### DATASET
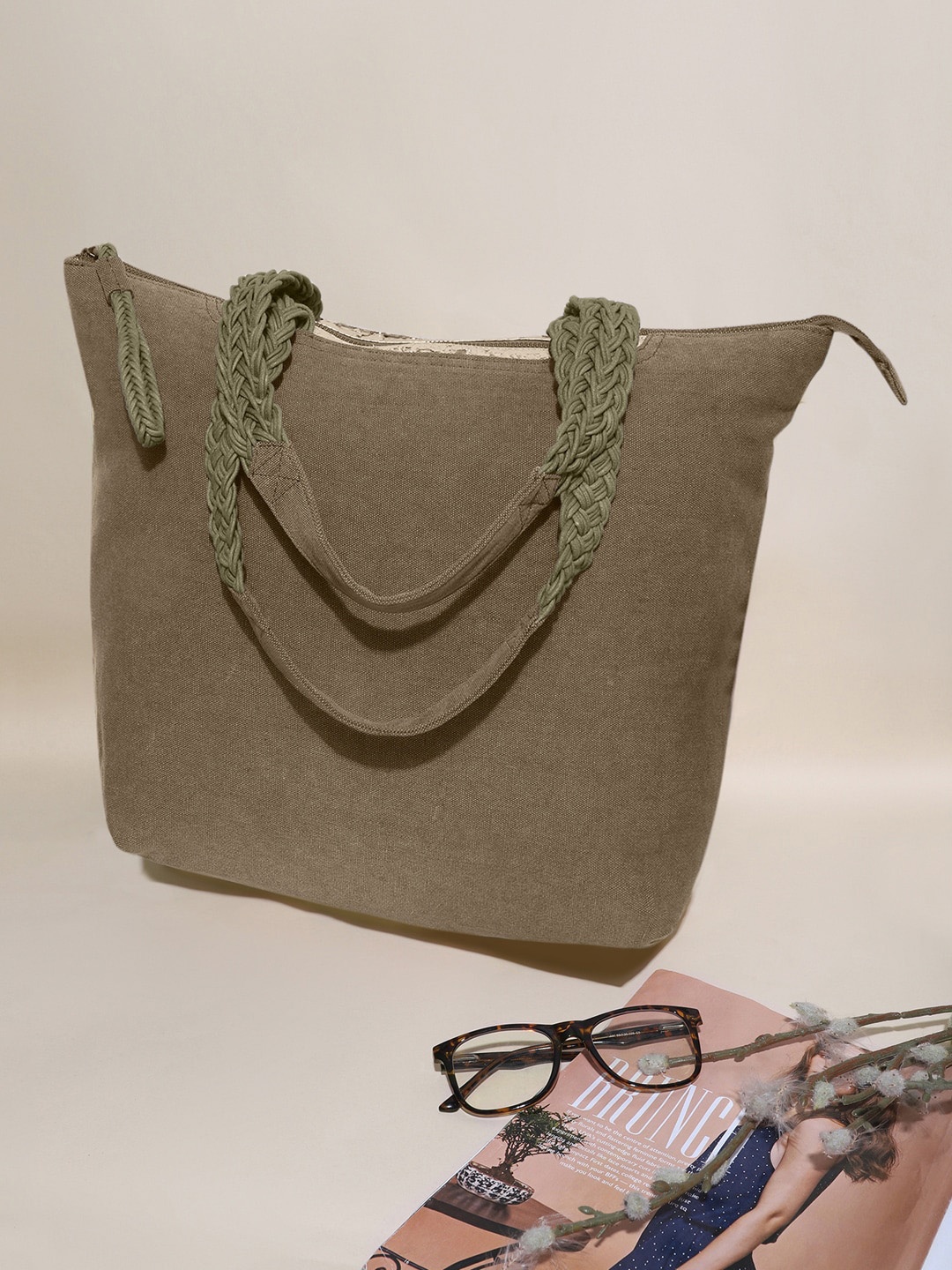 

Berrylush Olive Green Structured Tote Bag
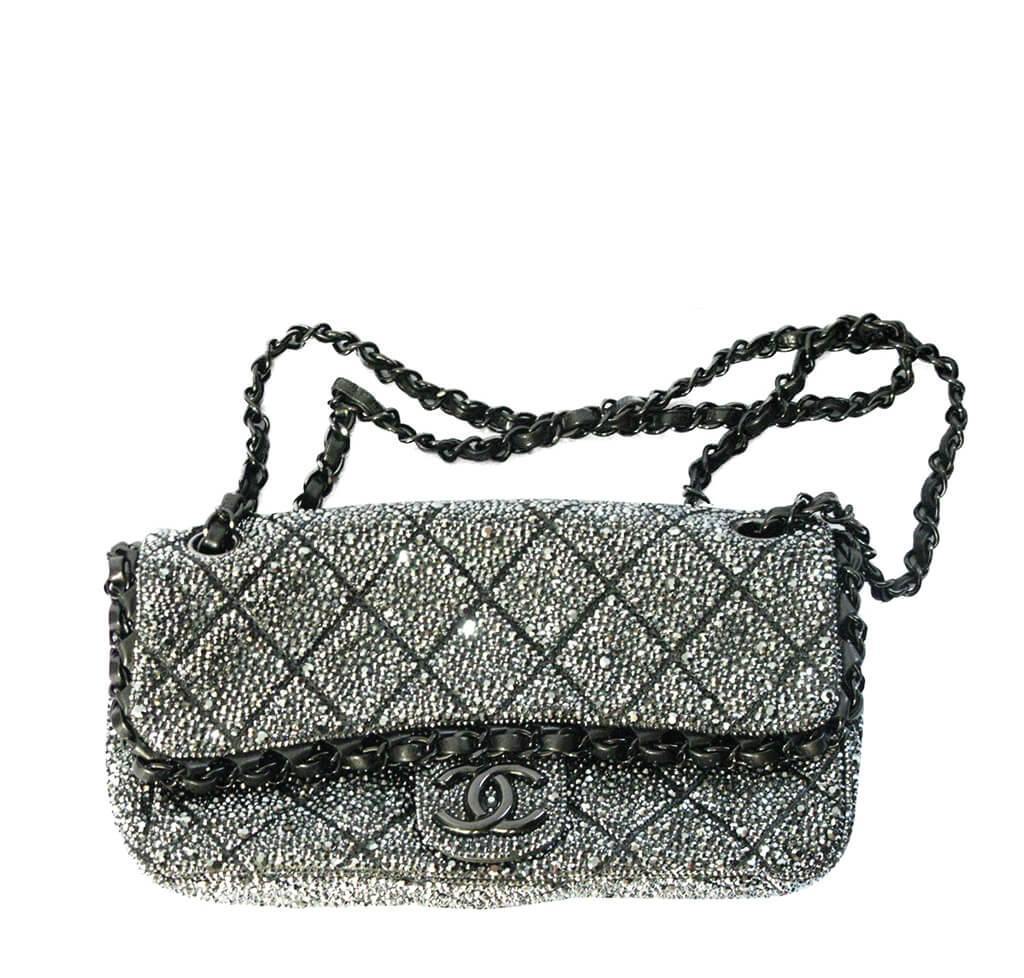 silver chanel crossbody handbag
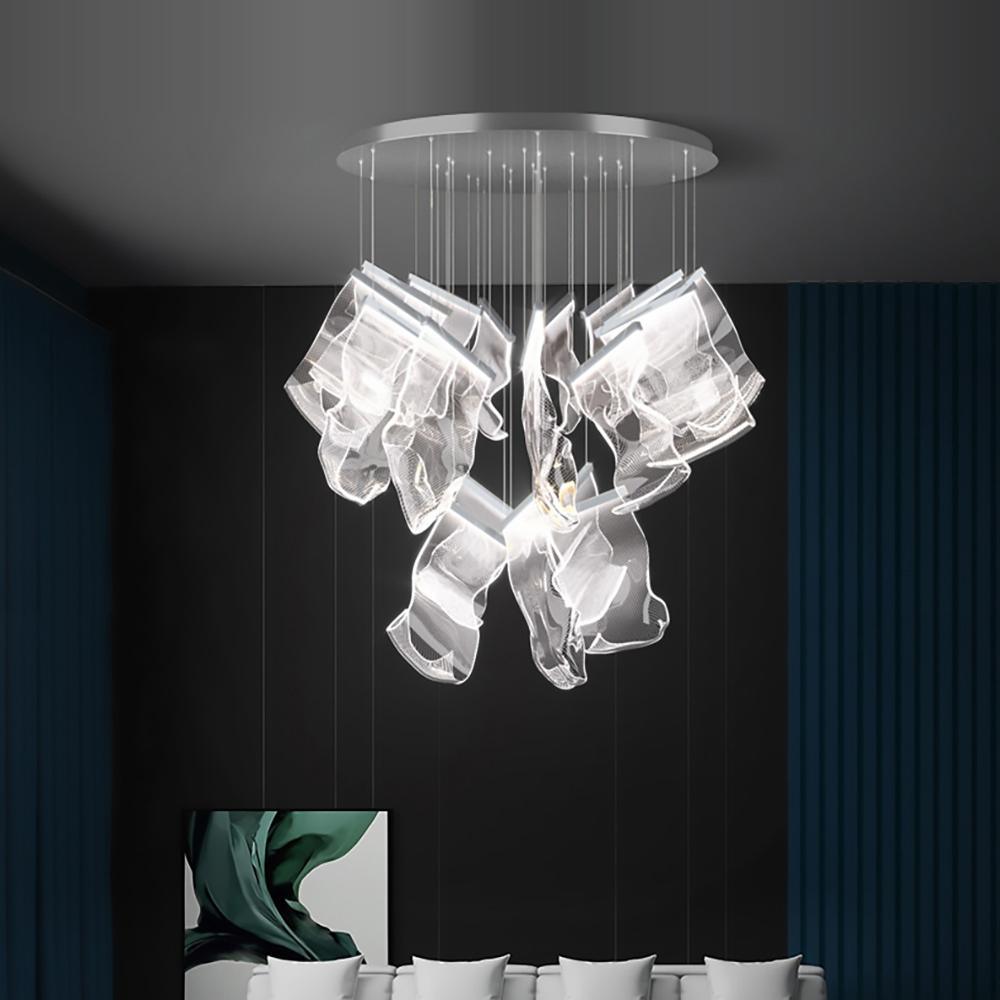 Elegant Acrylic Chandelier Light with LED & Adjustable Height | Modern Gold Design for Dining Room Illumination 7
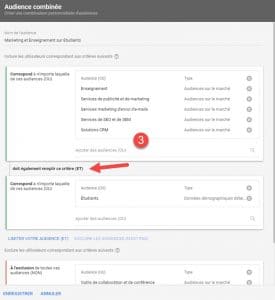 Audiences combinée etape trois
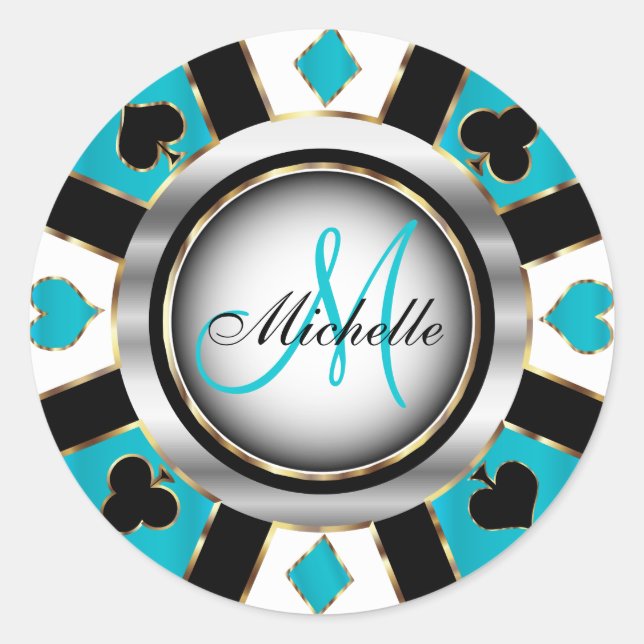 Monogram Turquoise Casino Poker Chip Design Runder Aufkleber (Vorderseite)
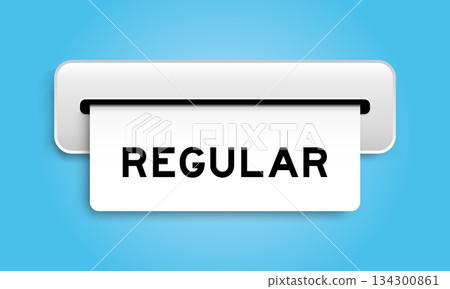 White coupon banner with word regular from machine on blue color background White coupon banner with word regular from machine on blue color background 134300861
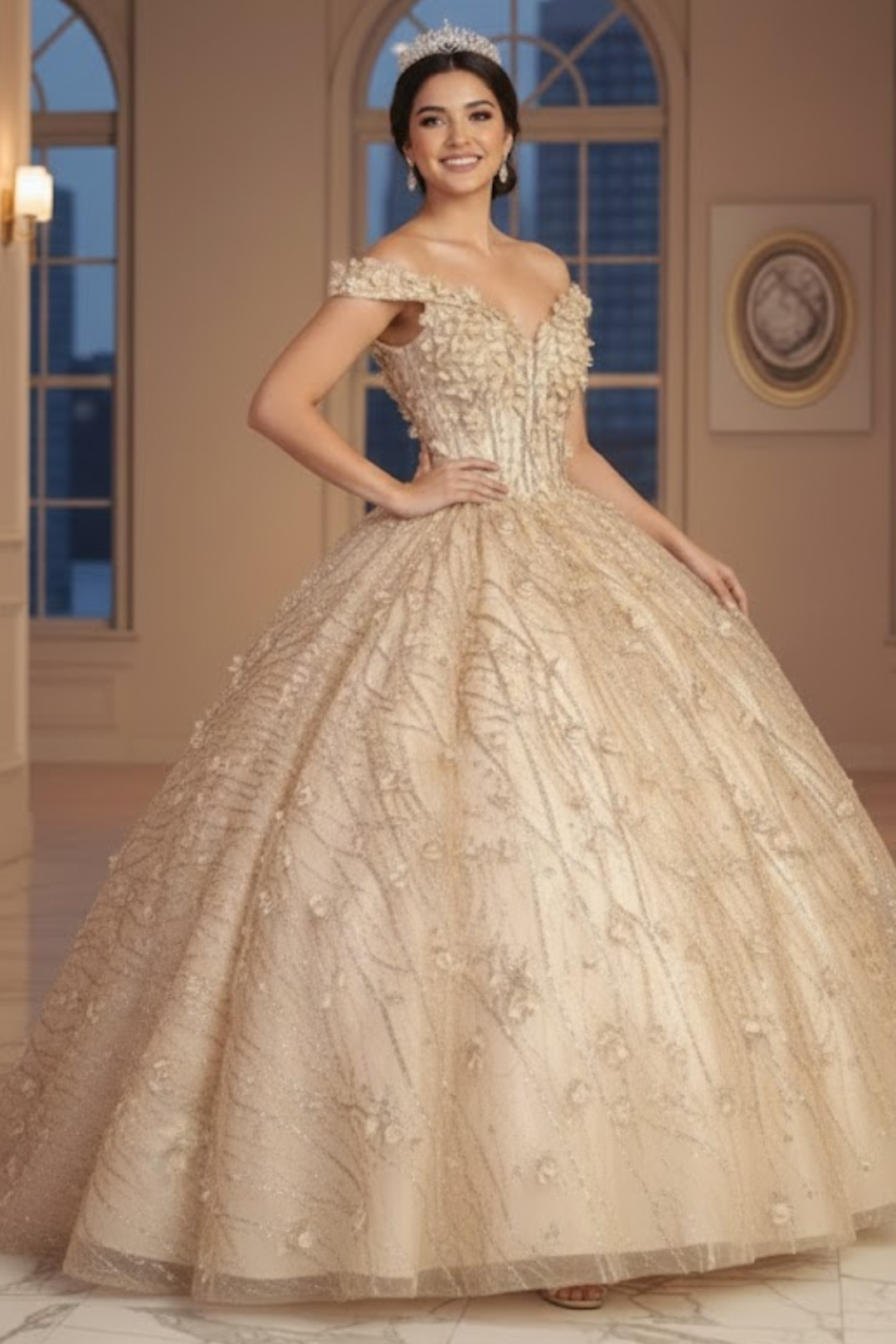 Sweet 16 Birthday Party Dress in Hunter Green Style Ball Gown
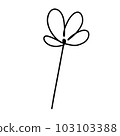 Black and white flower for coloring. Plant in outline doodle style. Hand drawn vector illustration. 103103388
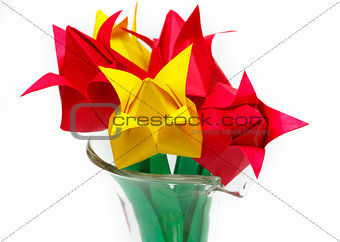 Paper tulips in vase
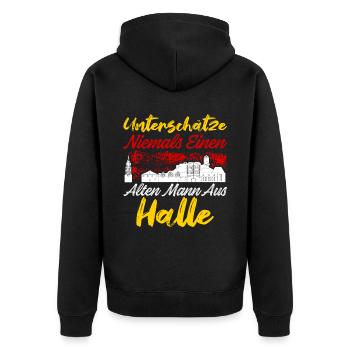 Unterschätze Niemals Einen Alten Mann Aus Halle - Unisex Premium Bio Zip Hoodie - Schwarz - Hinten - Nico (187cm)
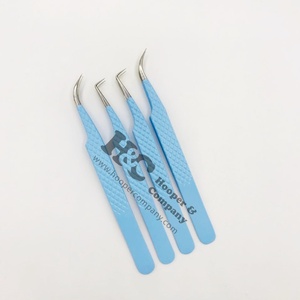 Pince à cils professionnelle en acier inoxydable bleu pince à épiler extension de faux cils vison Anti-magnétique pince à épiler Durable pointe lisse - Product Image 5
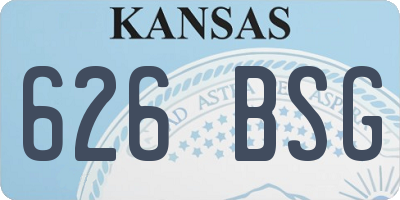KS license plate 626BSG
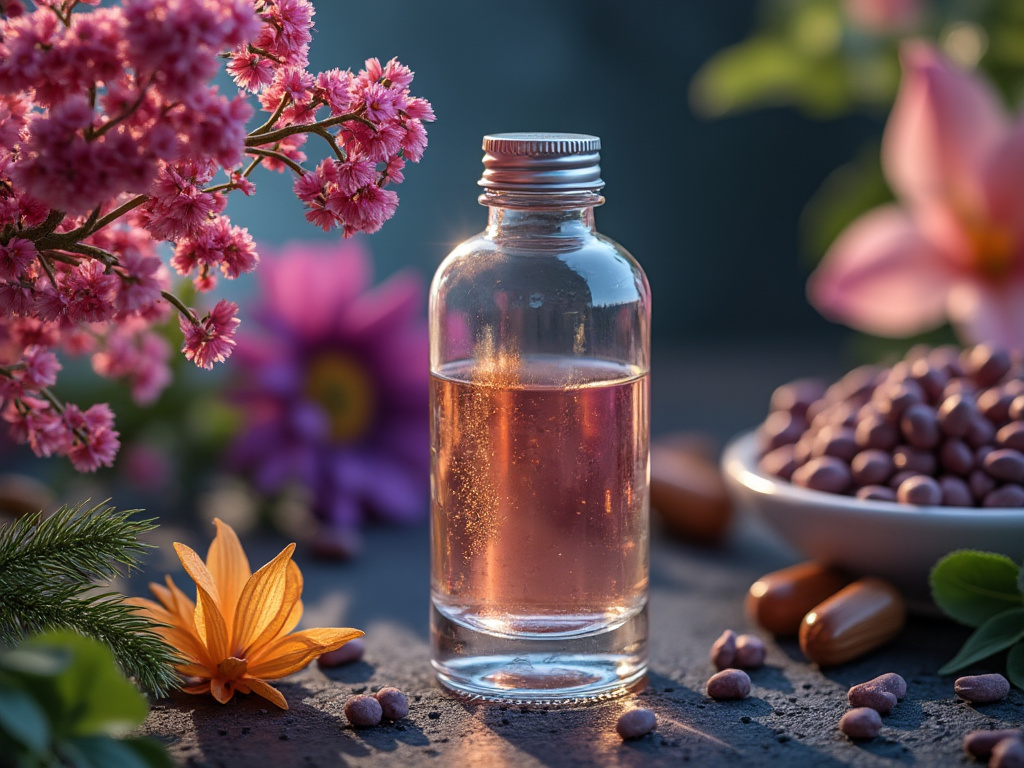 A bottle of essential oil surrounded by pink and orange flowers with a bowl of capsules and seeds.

### TASK OBJECTIVE
Although the records above contain pictures, the copy should not; retype exactly the lines from the one containing "Audiences combinée etape trois" through the one containing "Sweet 16 Birthday".

### YOUR RESPONSE
 Audiences combinée etape trois
 Monogram Turquoise Casino Poker Chip Design Runder Aufkleber (Vorderseite)
 White coupon banner with word regular from machine on blue color background White coupon banner with word regular from machine on blue color background 134300861
 Sweet 16 Birthday Party Dress in Hunter Green Style Ball Gown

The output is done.